Este reconocimiento externo influye en la autoconcepción del emisor en tanto a que, inevitablemente, aumenta la sensación de veracidad de la existencia del sujeto. La amenaza lingüística y exclusión social de un género, por tanto, deslegitima la existencia del mismo y produce una jerarquía de lo humano. Aquel que recibe una intimidación por parte del receptor de su performatividad del género se aleja de la viabilidad de su existencia social, para la cual necesita la dinámica de poder que le otorga el reconocimiento.

Pero, ¿qué relaciona la amenaza lingüística y el encogimiento de un sujeto físico? ¿Qué efectos tiene, en el cuerpo, la amenaza sociolingüística del receptor? ¿Qué tiene esto que ver con la performatividad del género del postestructuralismo?

La amenaza lingüística al género

La amenaza de violencia al sujeto por su género es un ataque mediante y hacia el lenguaje, al atacar, con este, su posibilidad creadora de sentido e identidad. Al atentar contra la representación performativa del género se está atentando, a su vez, contra la validez del mismo. Al utilizar un lenguaje destructivo hacia el sujeto de género, por lo tanto, se rompe al individuo que sufre la tortura lingüística.

No poseemos de un vocabulario especial para designar el dolor emocional que producen las amenazas, por lo que tomamos prestado el vocabulario del dolor físico. Esto no nos habla, necesariamente, de una insuficiencia lingüística, sino de una somatización física del dolor emocional. Y esto, precisamente, se debe a que una amenaza lingüística hacia un sujeto por su género perpetúa el pensamiento de que la existencia de alguien, por pura existencia, merece doler.

Perpetuar el sufrimiento del género, pongamos, casualmente, femenino, encoge la propia identidad femenina también a nivel físico.

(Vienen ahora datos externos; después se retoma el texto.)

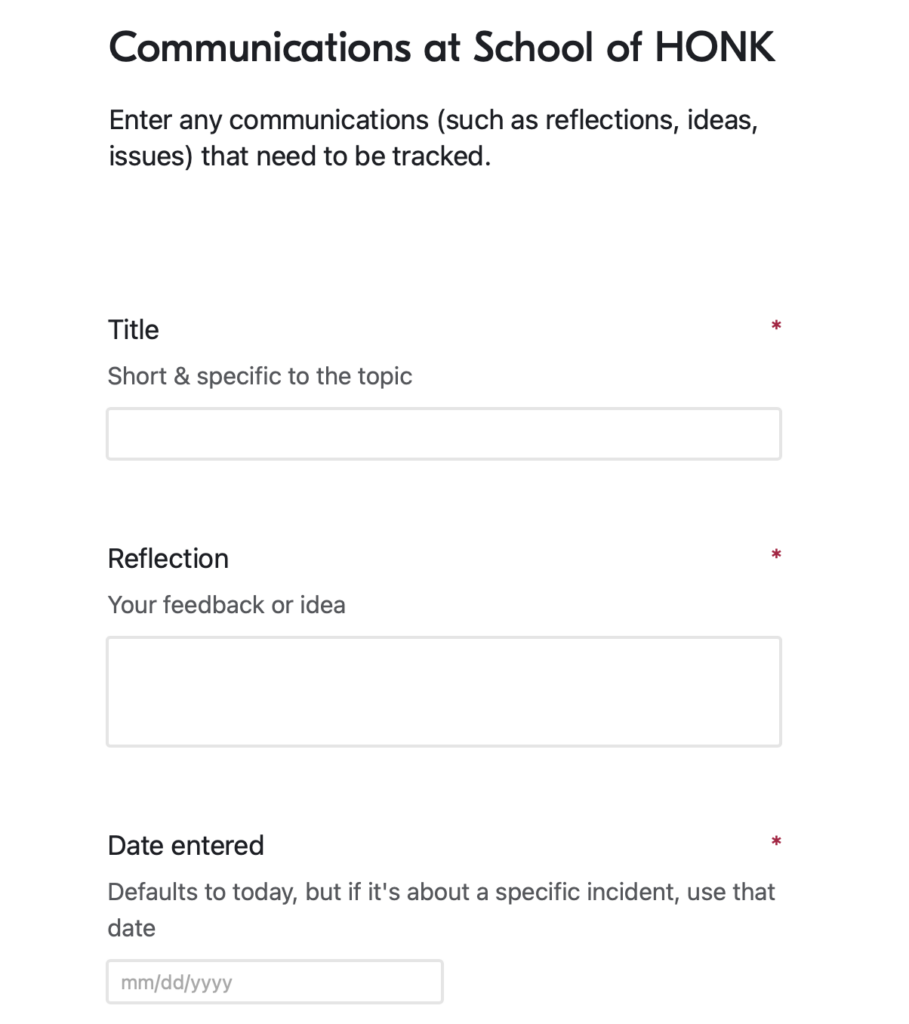 Feedback form in Airtable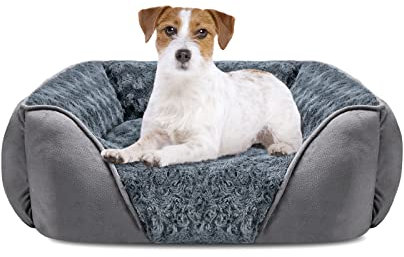 JOEJOY Hundebett Mittelgroße Hunde, Hundekorb Flauschig Waschbar, Anti-Angst rutschfest Hundebetten, Hundekörbchen für Kleine und Mittelgroße Hunde und Katzen, 63x53x20cm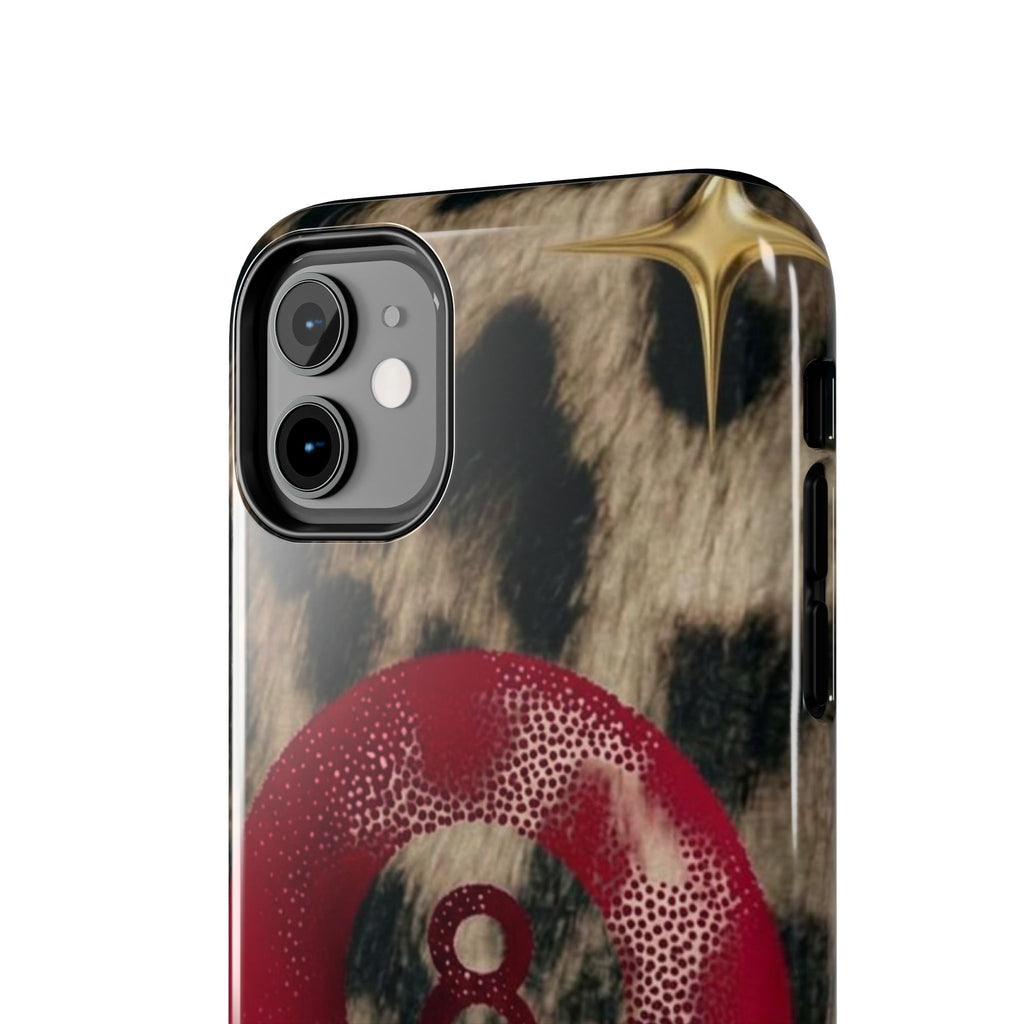 8 Ball Leopard Phone Case — Tough Protective Phone Case with Red 8-Ball Design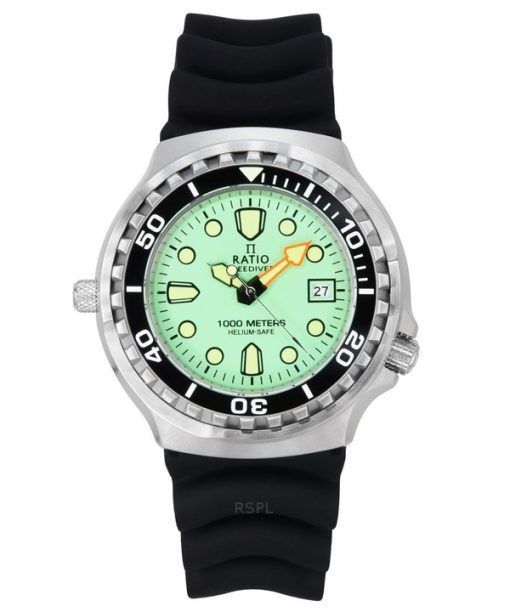 Ratio FreeDiver Version 02 Helium Safe 1000M Sapphire Quartz Mint Green Dial 1038EF102V-GRN-V02 Men's Watch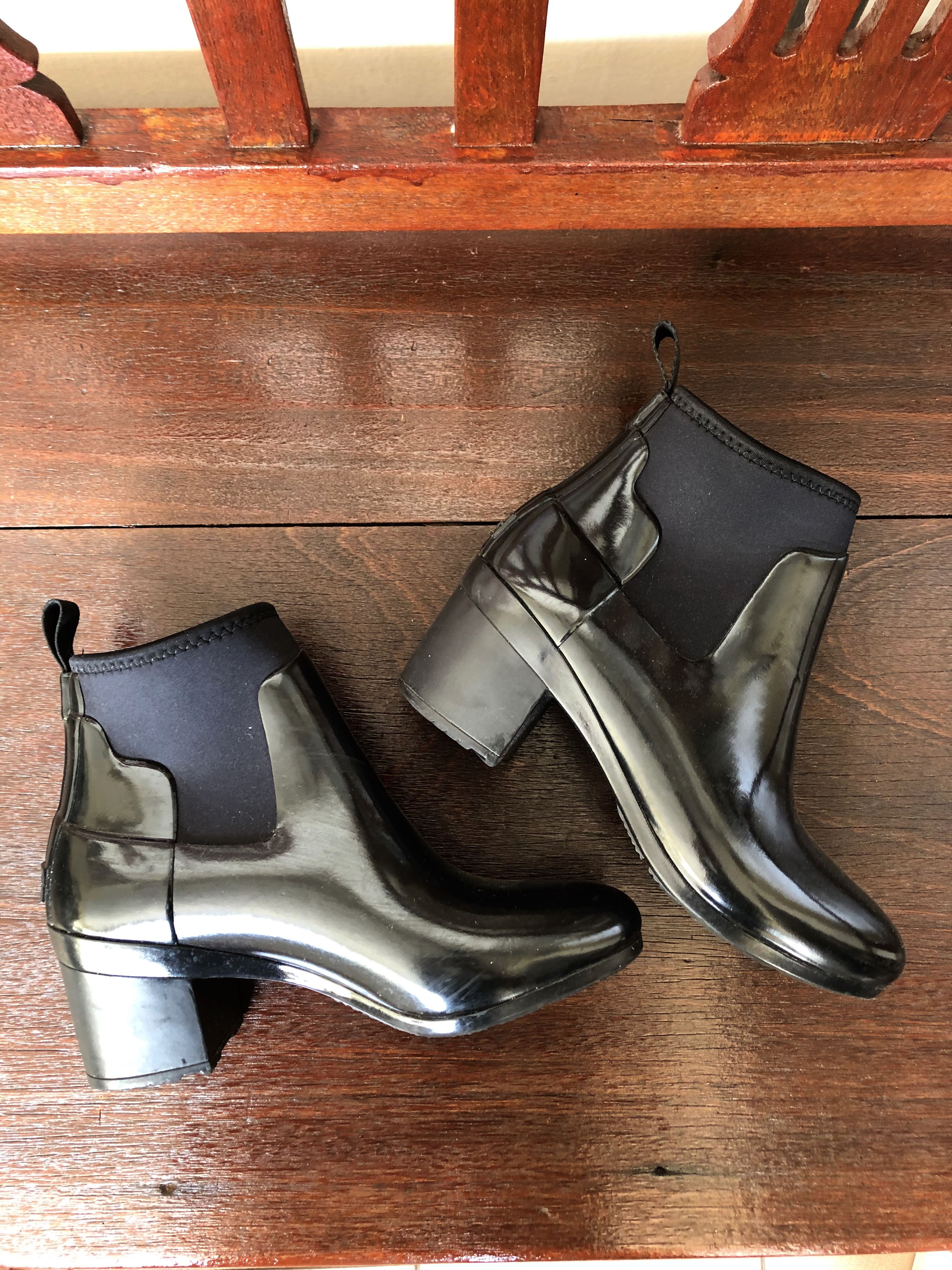 hunter refined mid heel gloss rain boots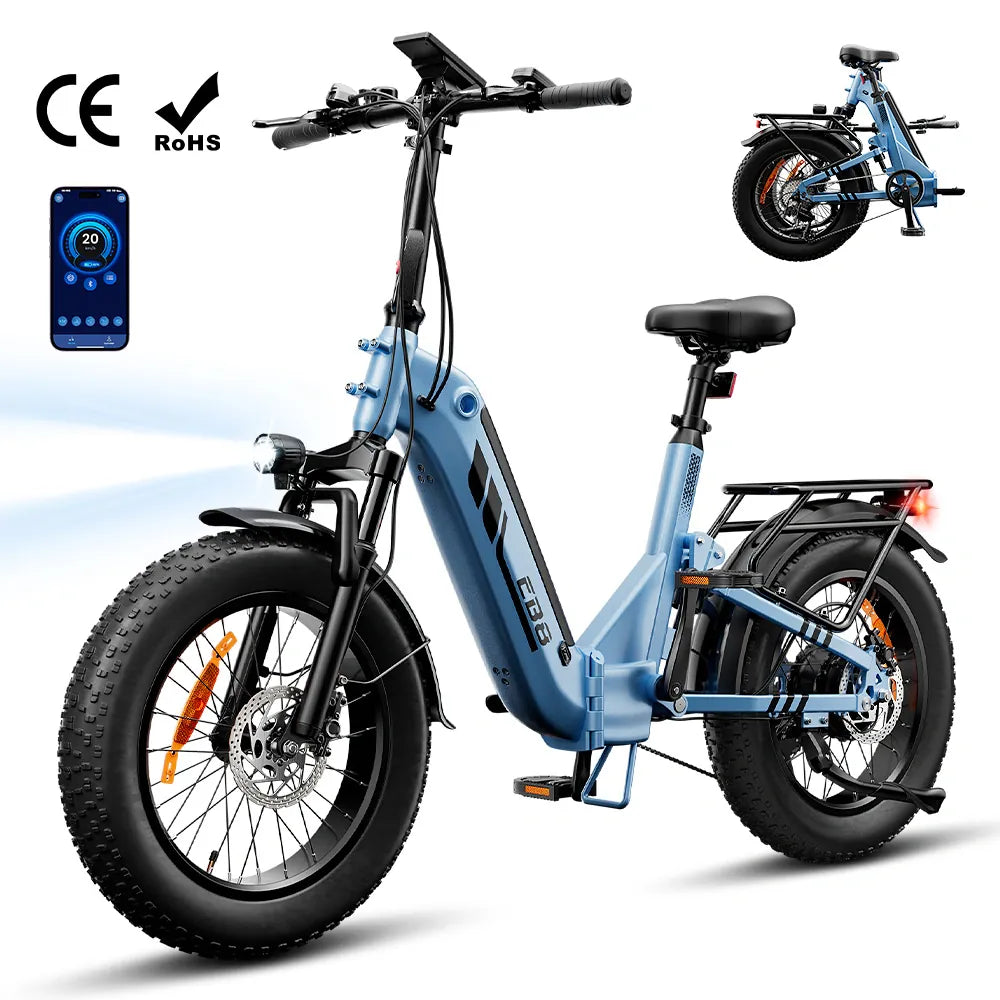 iSinwheel Elektryczny rower miejski Niebieski Rower elektryczny isinwheel EB8 Fat o zasięgu 144 km z czujnikiem momentu obrotowego i hydraulicznymi hamulcami tarczowymi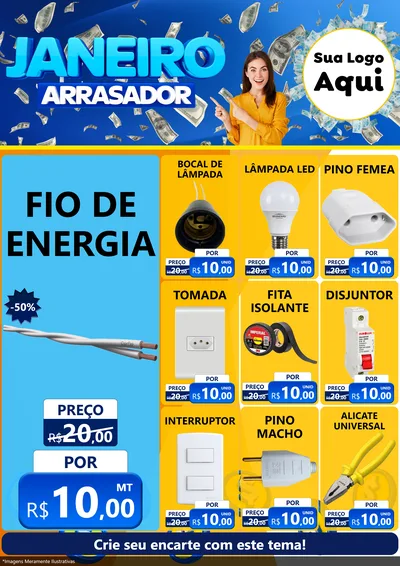 Modelo de Encarte para Encarte A4 Vertical com o tema Janeiro Arrasador para Materiais Elétricos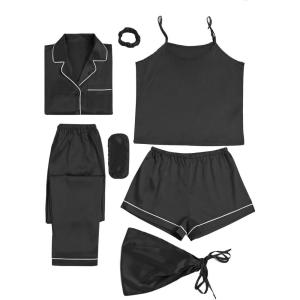 imageLYANER Womens Pajamas Set 7pcs Silk Satin Sleepwear Loungewear Cami Shirt Pj SetBlack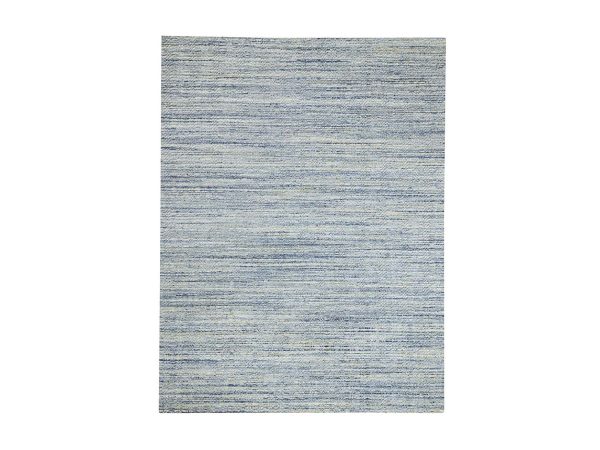 9'x11'9" Modern Blue Hand Loomed Variegated Textured Design Organic Wool Oriental Rug HR62051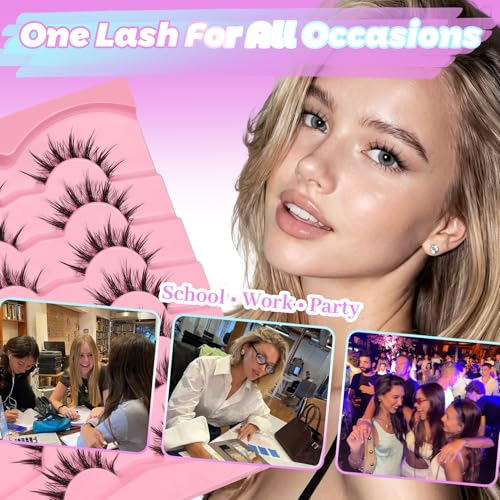 Losha Natural Manga Lashes - 7 Pairs Wispy Cat Eye Eyelashes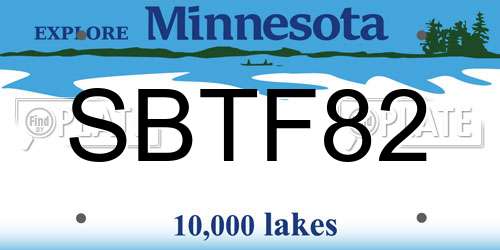 SBTF82 Minnesota License Plate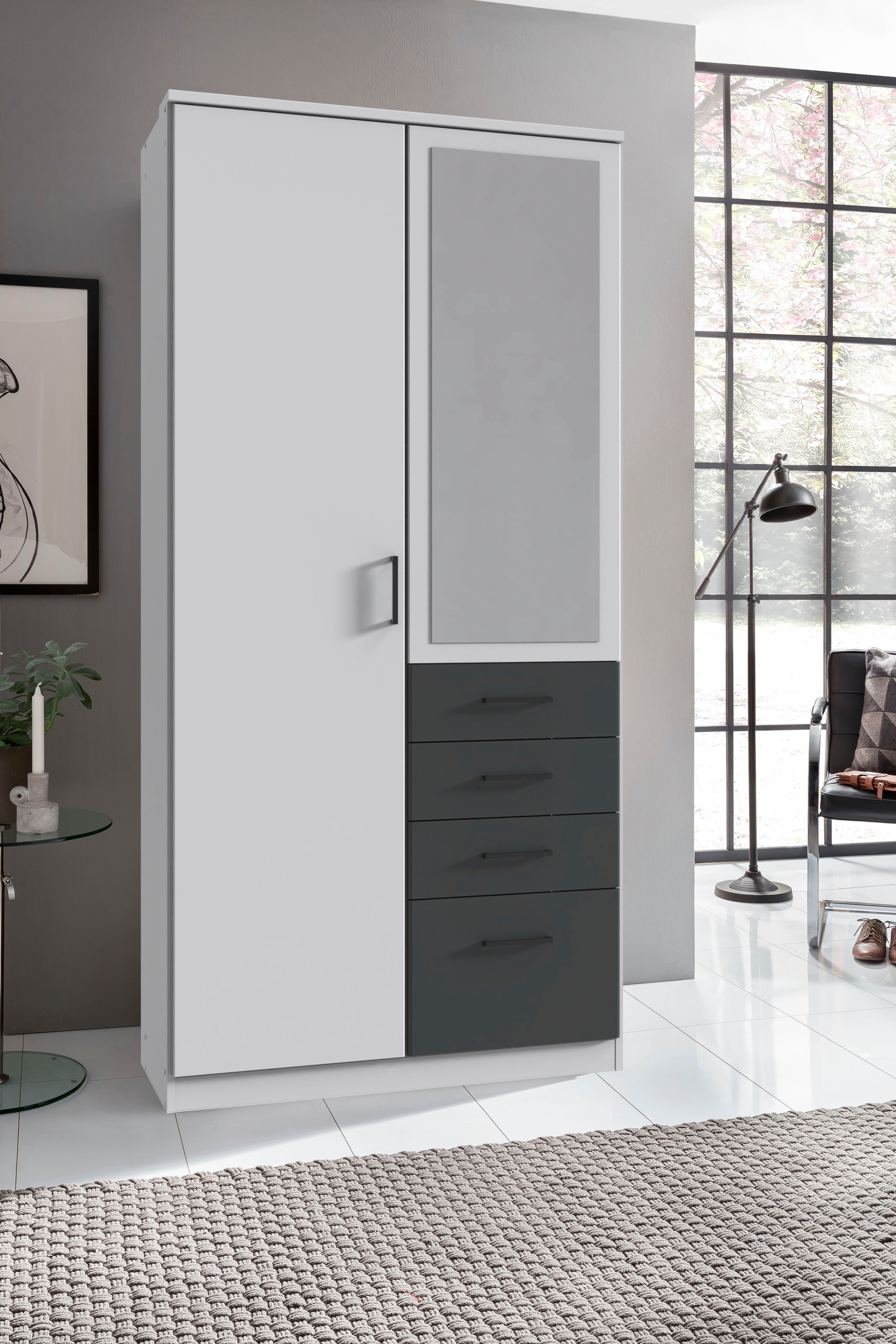 Wimex Kleiderschrank »Cottbus, in weiß oder grau modern kombiniert mit graphitfb.Schubladen«, (in 3 Größen, schwarze Griffe, Made in Germany), mit 4 Schubladen, wahlweise mit oder ohne Spiegel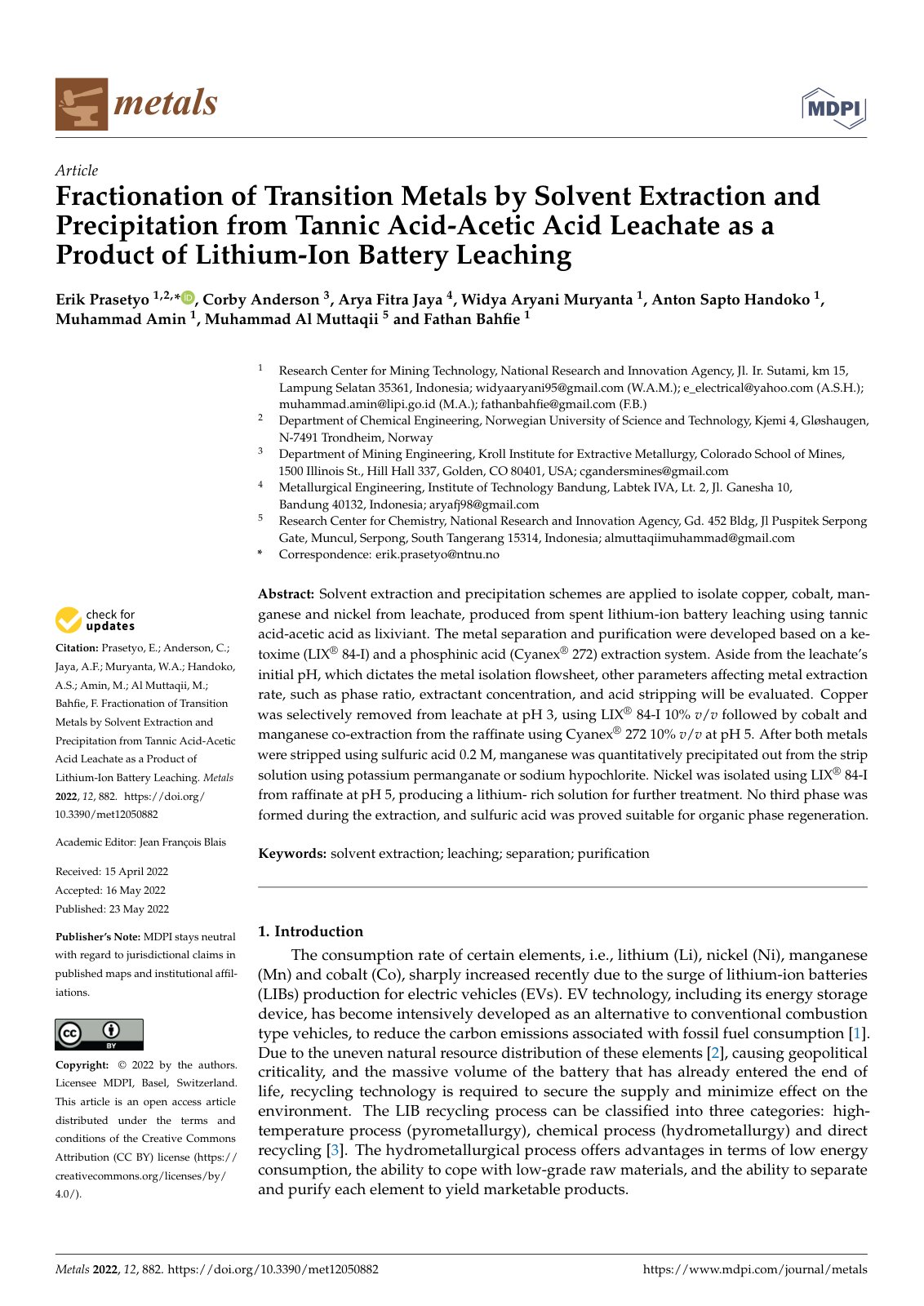 First page of Fractionation of Transition Metals by So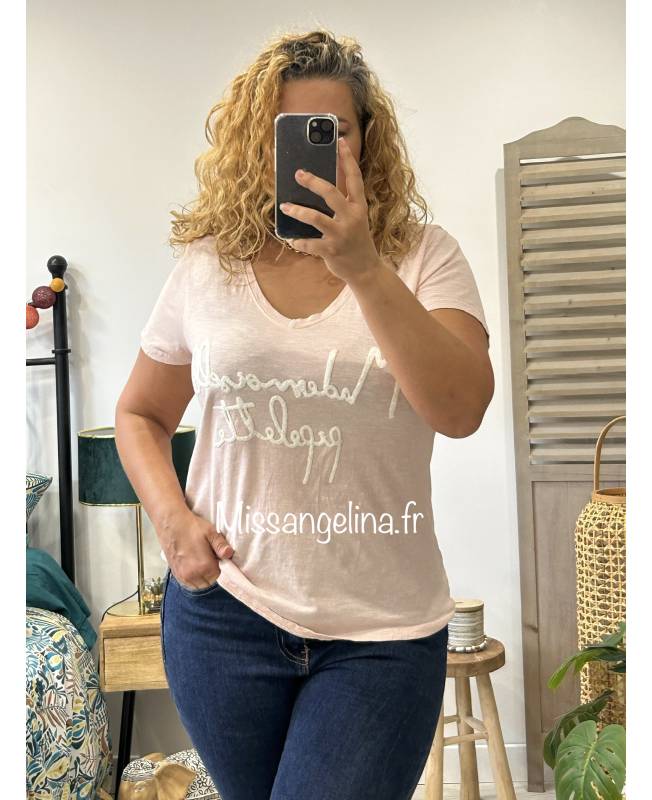 Tee-shirt Victoria's Secret Paillettes Rose, Col Rond, Manche Courte - Neuf Avec étiquette (Bling)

Pero la performatividad del género del postestructuralismo no nos habla, necesariamente, desde la perspectiva de un espectro binario. Más allá de eso, deberíamos hablar del género como espectro social inherente del individuo que puede ser, o no, antecesor de su propia identidad. Deberíamos hablar del género desde una perspectiva más abstracta basada en las normas sociales y el escenario del individuo, y no tanto desde una perspectiva tan limitante como la dualista.

 

Consecuencias de la exclusión

Al ser individuos que necesitamos, inevitablemente, beber de las normas sociales para poder considerarnos válidos a nivel colectivo, la exclusión de este activa varios modos de supervivencia que nos ayudan.

La destrucción de nuestra identidad social puede llevarnos a repugnar los paradigmas sociales que «se encargan» de validar quienes somos. Trataríamos, así, de remarcar nuestra propia existencia y excentricidad asegurándonos de que seamos nosotros, o nuestro propio colectivo, aquel digno de validarnos. Subrayaríamos nuestra propia diferencia y las heridas que el dolor lingüístico nos trajo y trabajaríamos nuestra autonomía emocional en los entornos sociales.

Esta primera vía de escape, por lo tanto, dependería únicamente de nuestra propia capacidad de salirnos del molde establecido. Esta vía subraya la distancia que se habrá de tomar con respecto a la sociedad que nos rodea, pero la alternativa contraria sería negar la identidad individual y potenciar, así, la hegemonía contraria.

La excentricidad individual que decidiéramos, o no, tomar debido a lo padecido marginalmente, sería útil para la lo que alguna autora postestructuralista llamaría la viabilidad de la vida. No es, necesariamente, esta excentricidad una exposición exótica de quienes somos, sino una herida de guerra y una lucha, precisamente, en contra de la marginación.